His time as commanding officer of Houston provided McGinnis with his most rewarding moment as a naval officer to date, as he brought the submarine home to Pearl Harbor in October 2015 after successfully completing its final deployment.

"Houston is the submarine I have had the privilege of leading. We practiced our mission skills for eight months prior to deployment and I could not be prouder of how the entire team grew during that period of time and of the work they accomplished while deployed. We took one of the Navy's oldest submarines 35,000 miles and didn't miss a single hour of operational time due to being broken or any other issues."

Prior to Houston's final cruise, NASA put out a call for those interested to apply to become an astronaut. McGinnis took the initiative and applied. This was not his first attempt at a formal application.

"I did apply the last two times (that NASA called for applicants to the astronaut corps) but the Navy had selected me for command of a submarine," McGinnis said.

The selection process is tough he acknowledges. "Over 18,000 people applied for about 14 slots," McGinnis explained. No matter what the end results may be, he remains grateful for the goal of becoming an astronaut.

"Without the challenge of becoming an astronaut I probably wouldn't have gone to graduate school, stayed in the Navy or become a pilot," said McGinnis. "I cannot imagine my life without those accomplishments."

The Richmond, Virginia, native said that his dream of becoming an astronaut has had a positive impact on his marriage as well. "My wife decided to learn to fly with me and then continued on to become an airline pilot.
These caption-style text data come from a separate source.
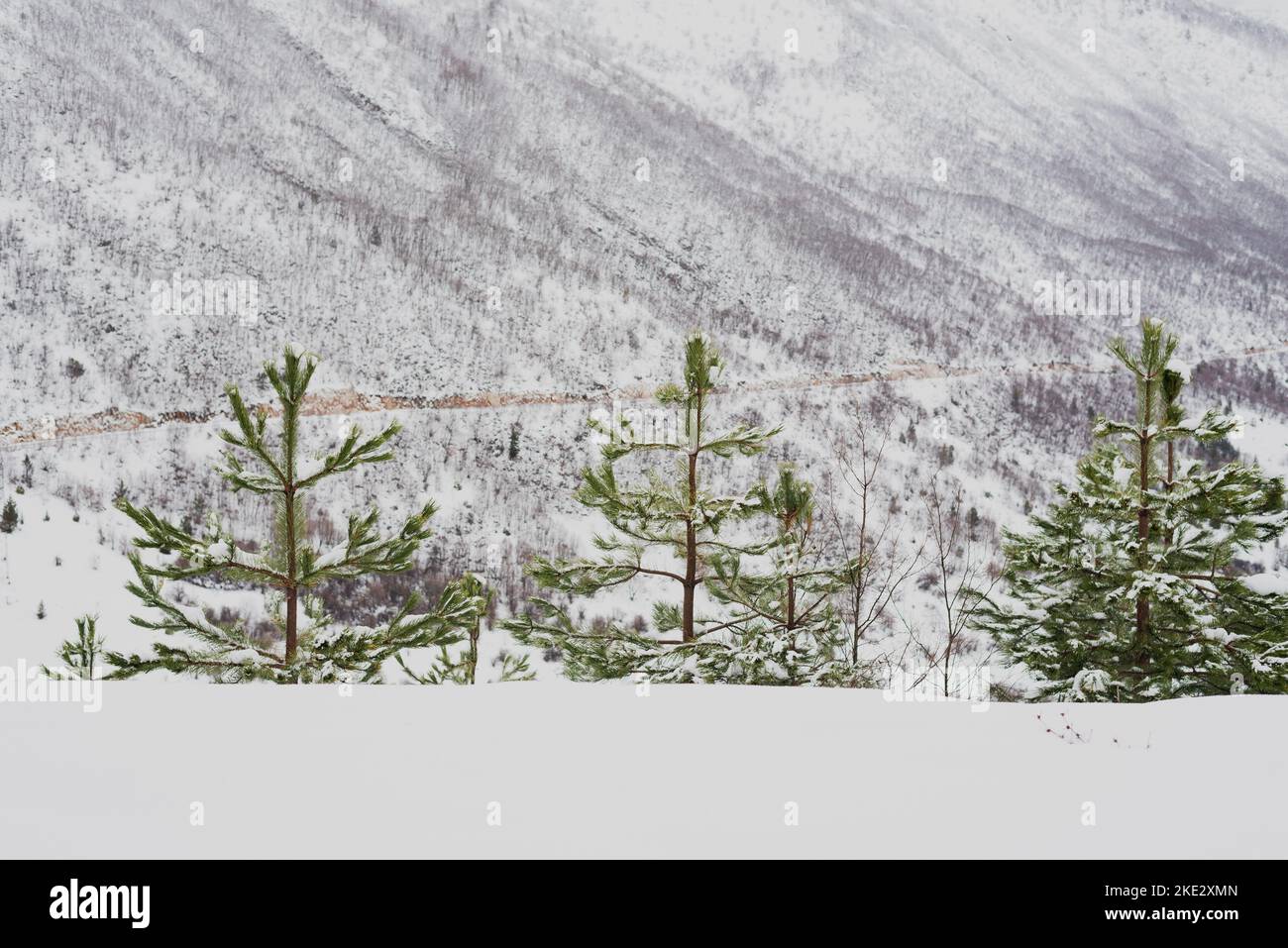 Snow covered trees, beautiful Bosnian mountain Prenj, Rujista.  Winter in Bosnia. Idyllic atmosphere. Stock Photo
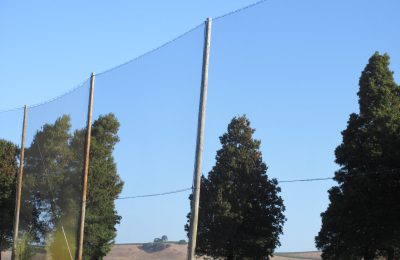 Hardware & Netting Replacement – Eagle Vines Golf Club, CA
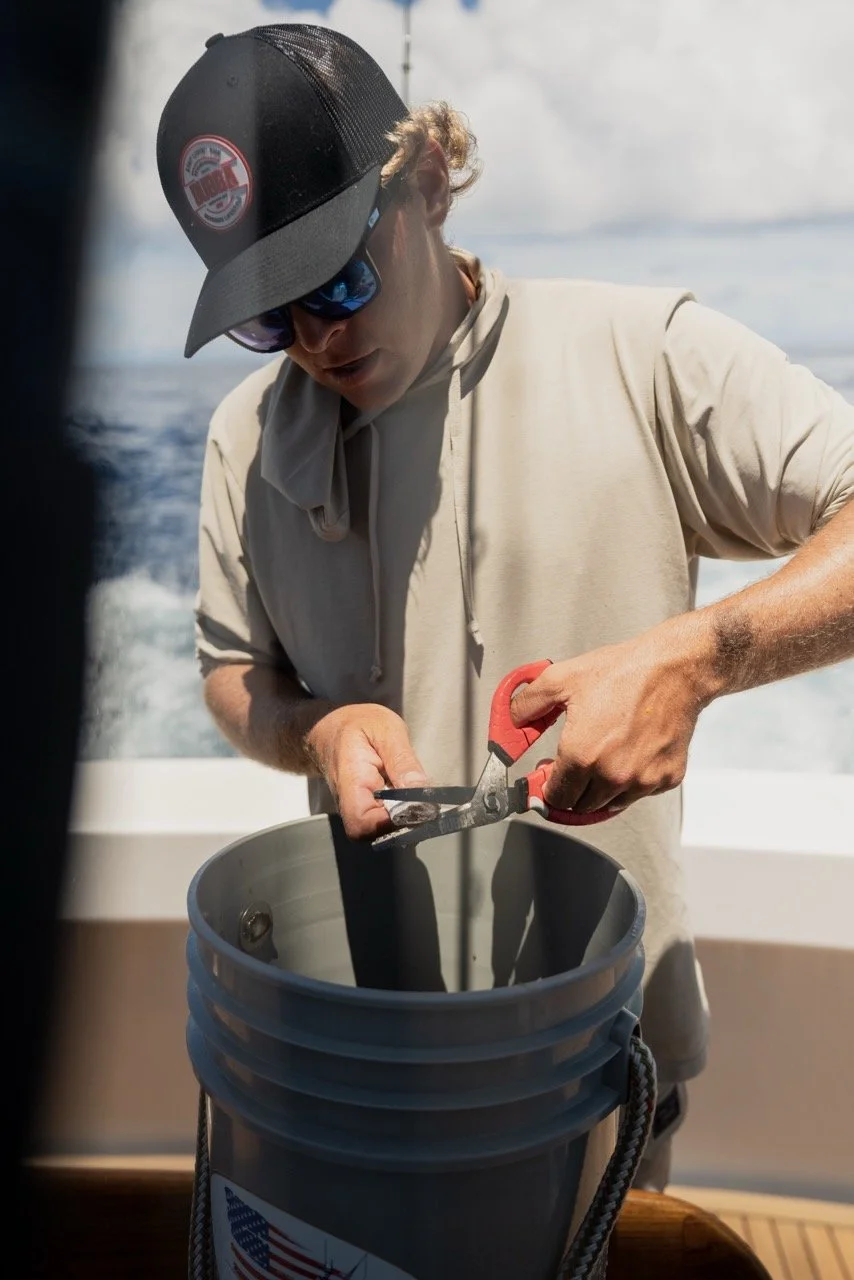 625-DSC00096 Large.jpeg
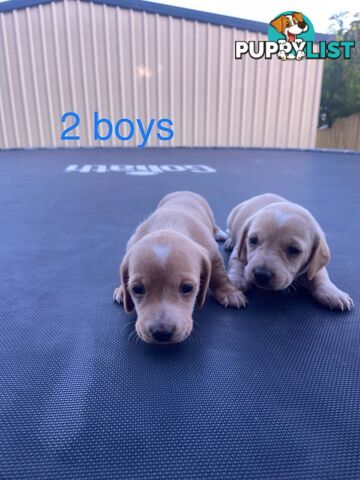 Dachshund Puppies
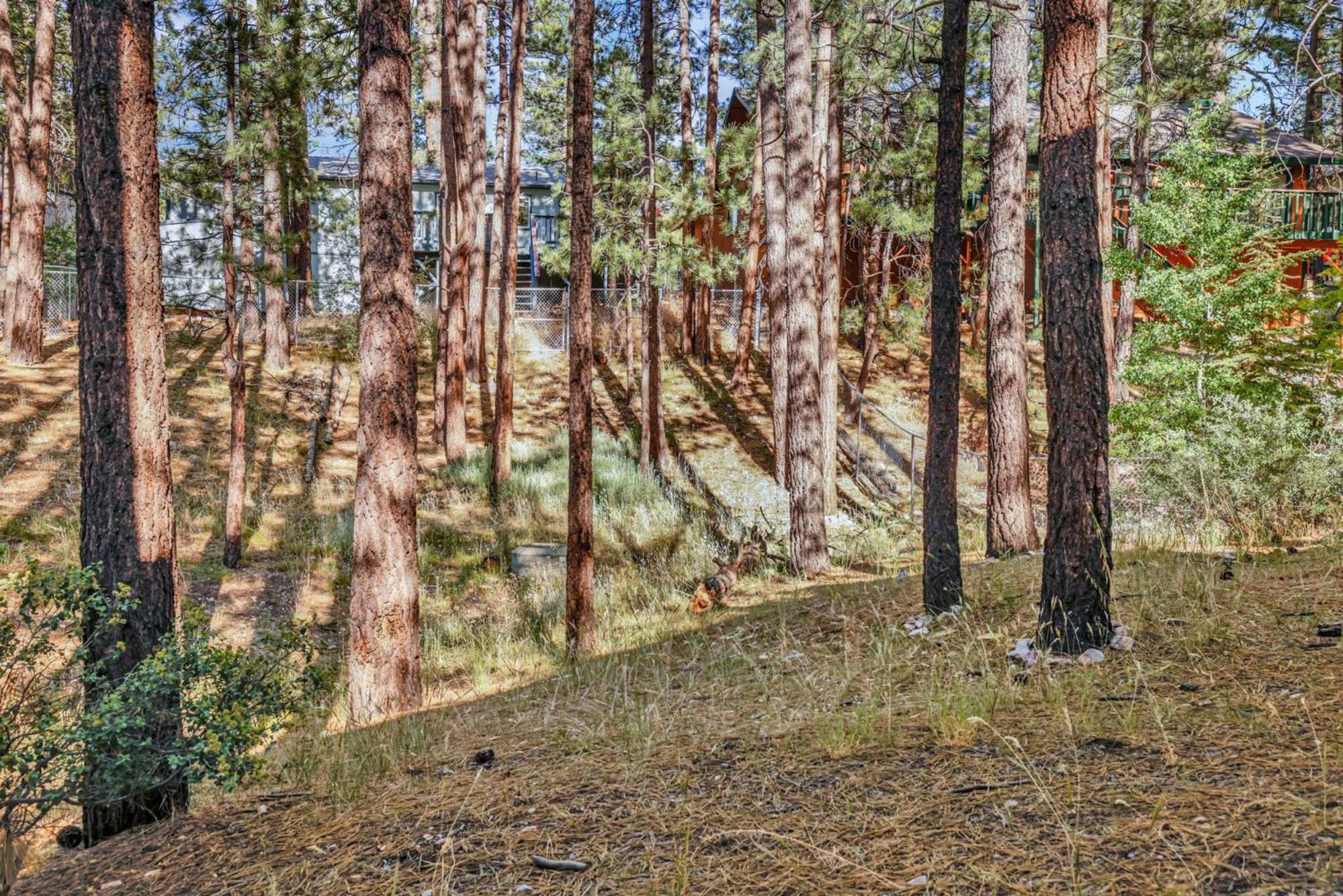 Ashwood pines #2331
She had previously been a kindergarten teacher.

"Just the small challenge to explore space has led us to so much of a richer life, so if we don't end up going to Houston, we will both be thankful that the opportunity existed," McGinnis said.

No matter how the selection process with NASA advances, the would-be submariner-turned-astronaut, remains appreciative of his experiences and hopeful for the future. "It is a real privilege to be a part of the submarine force and lead the finest Sailors in any fleet. To have the opportunity to join another high caliber, high performing team would be an absolute dream."